A new education and language rule started by the Conservative government in 2014 has caused a decrease in the number of permanent residency visas issued to migrant caregivers. It is already difficult for them to get permanent residency because they are stringent rules, but with the added ones, the count has gone further below.

In 2014, the former Conservative government added two conditions. The migrant caregiver should have at least one post-secondary diploma and should give a language proficiency test. Also, the application fees were increased to CAD 1,000. The Immigration Department data revealed that only 555 out of 2,730 applicant caregivers issued permanent residency post-November 2014. Between 2006 and November 2014, around 8,000 caregivers were issued permanent residency. Many caregivers take up post-secondary diploma courses and attend college for learning the English language, but find it very difficult to manage study and work.

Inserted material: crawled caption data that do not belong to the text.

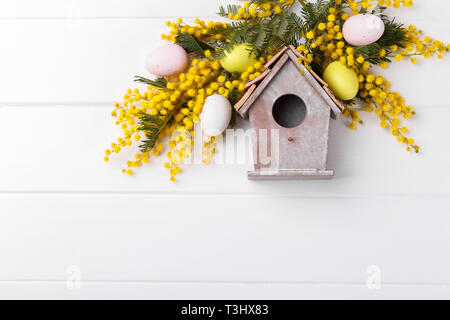 Vogel Haus Frühling Blumen Mimosa und dekorative Ostereier auf weißem Holz- Hintergrund Stockfoto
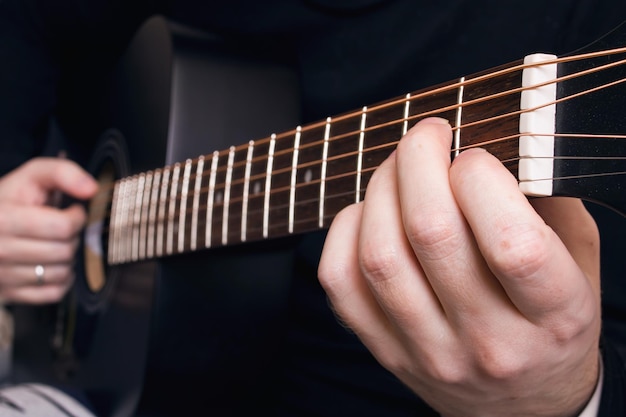 Suonare la chitarra nera con le mani della chitarra si chiuda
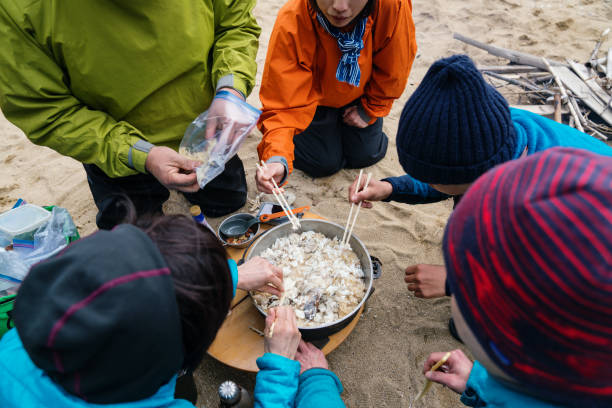istock Close up of people cooking outdoors while camping 959085892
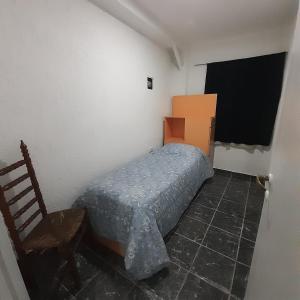 1 dormitorio pequeño con 1 cama y 1 silla en Alojamiento en Mendoza en Godoy Cruz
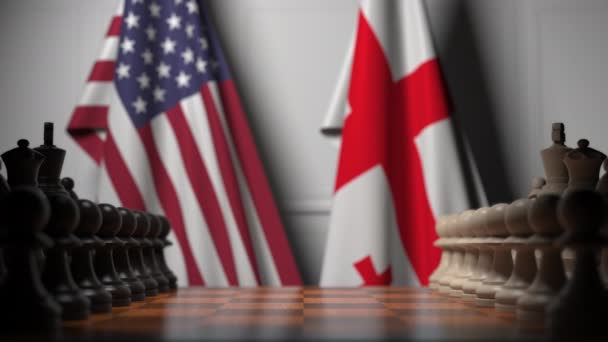 Banderas de EE.UU. y Georgia detrás de peones en el tablero de ajedrez. Juego de ajedrez o rivalidad política relacionada con la animación 3D — Vídeo de stock
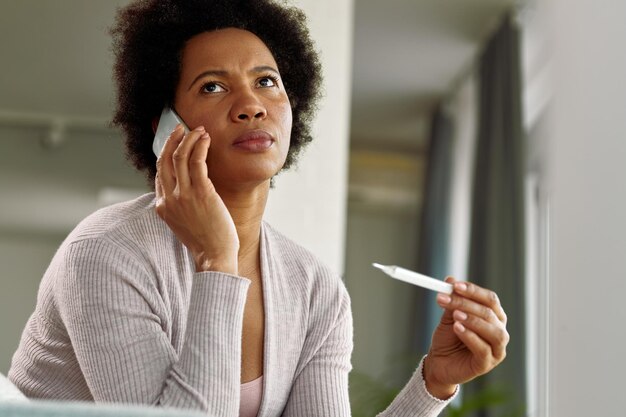 Distraught African American woman communicating over mobile phone while measuring her temperature at home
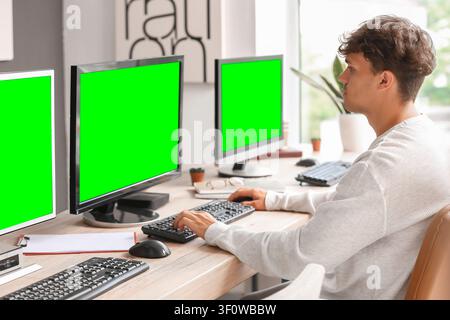 Young man working on multiple computers with green screen monitors at a modern home office desk, He is focused on his tasks, typing on a keyboard and Stock Photo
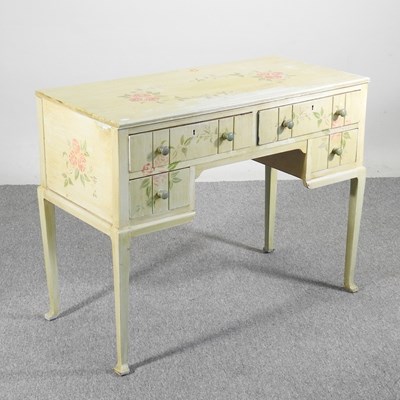 Lot 241 - A painted dressing table, with floral decoration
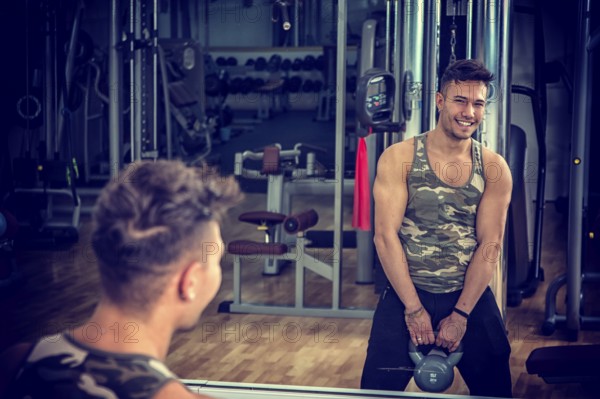 Attractive young athletic man exercising in gym, working out using kettlebell, looking at camera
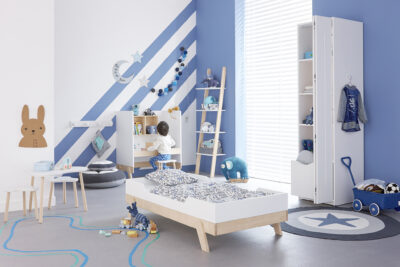 Child's bedroom with bed, toys and desk, in white and blue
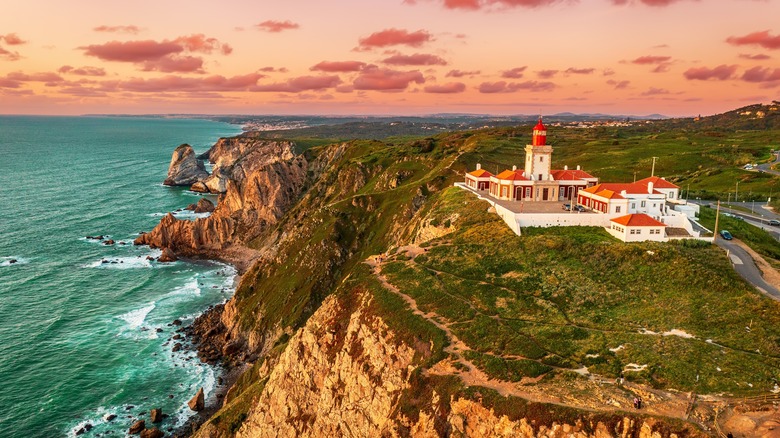 Lighthouse on cliffs at sunset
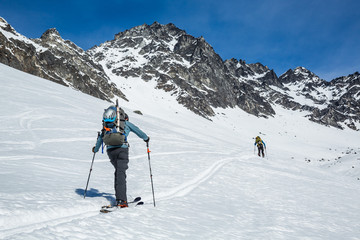 Fototapeta na wymiar Two skiers skinning up slope near Snowbird Mine in Hatcher Pass area in the Talkeetna Mountains, Alaska.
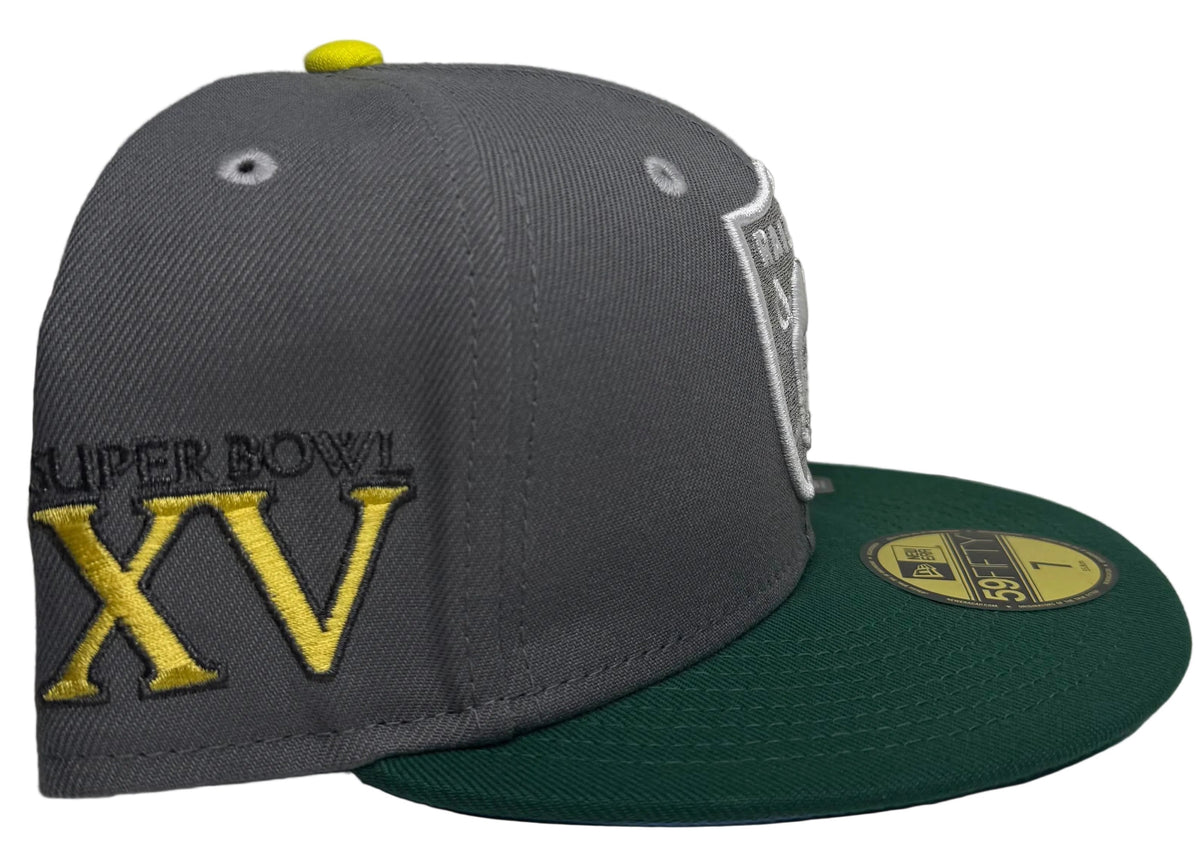 Gray & Green New Era 59FIFTY Las Vegas Raiders fitted Hat features a prominent team shield logo on the front and a Super Bowl side patch.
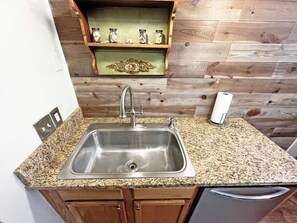 A kitchen with a stainless steel sink, wooden cabinets, a granite countertop, and a wooden wall with a shelf above the sink.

Canada is suffering from an aging crisis, which makes caregivers an essential part of the government. After the Liberal government took over in 2015, they didn’t do much about improving the rules for migrant caregivers. Most of the caregivers who come to Canada through recruitment agencies are unaware of these rules, and they come to know about them only after fulfilling the first condition. They have to live-in with the family for two years.

Costs a lot of money

Apart from causing an excessive amount of stress, applying for a course and giving a language test costs them a lot of money. Maritess Antonio from the Philippines paid over $6,000 to a recruitment agency back home to get her a job in Canada. The new rules were a shock to her, but she decided to study. The 37-year old earn as little as $12.5 an hour full time and since she had a work permit, Antonio had to pay college fees as an international student.